Wednesday, May 02, 2012

Genes Identified that are Associated with Risk of Fracture

In the study outlined below, genes were identified that are associated with increased risk of fracture.  Importantly, six genes NOT known to have a role in bone biology were found to correlate with bone mineral density.  This speaks to the importance of looking for diseases related genes within AND outside of known pathways.  See abstract below.

Genome-wide meta-analysis identifies 56 bone mineral density loci and reveals 14 loci associated with risk of fracture

Nature Genetics
Published online

Bone mineral density (BMD) is the most widely used predictor of fracture risk. We performed the largest meta-analysis to date on lumbar spine and femoral neck BMD, including 17 genome-wide association studies and 32,961 individuals of European and east Asian ancestry.
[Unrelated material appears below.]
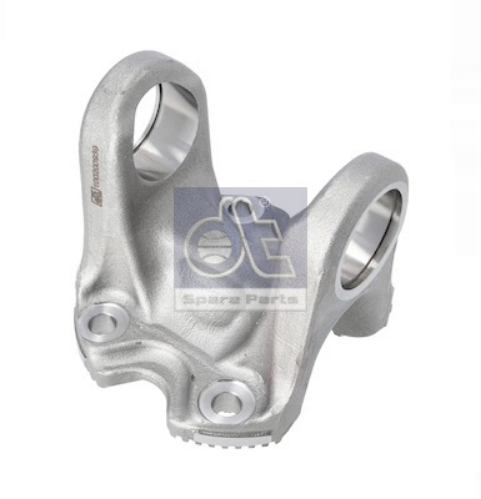 DT Spare Parts 2.34090 Diferansiyel & Aktarma Sistemi Kardan Mili - VOLVO FH16 II uyumlu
We tested the top BMD-associated markers for replication in 50,933 independent subjects and for association with risk of low-trauma fracture in 31,016 individuals with a history of fracture (cases) and 102,444 controls. We identified 56 loci (32 new) associated with BMD at genome-wide significance (P < 5 × 10−8). Several of these factors cluster within the RANK-RANKL-OPG, mesenchymal stem cell differentiation, endochondral ossification and Wnt signaling pathways. However, we also discovered loci that were localized to genes not known to have a role in bone biology. Fourteen BMD-associated loci were also associated with fracture risk (P < 5 × 10−4, Bonferroni corrected), of which six reached P < 5 × 10−8, including at 18p11.21 (FAM210A), 7q21.3 (SLC25A13), 11q13.2 (LRP5), 4q22.1 (MEPE), 2p16.2 (SPTBN1) and 10q21.1 (DKK1). These findings shed light on the genetic architecture and pathophysiological mechanisms underlying BMD variation and fracture susceptibility.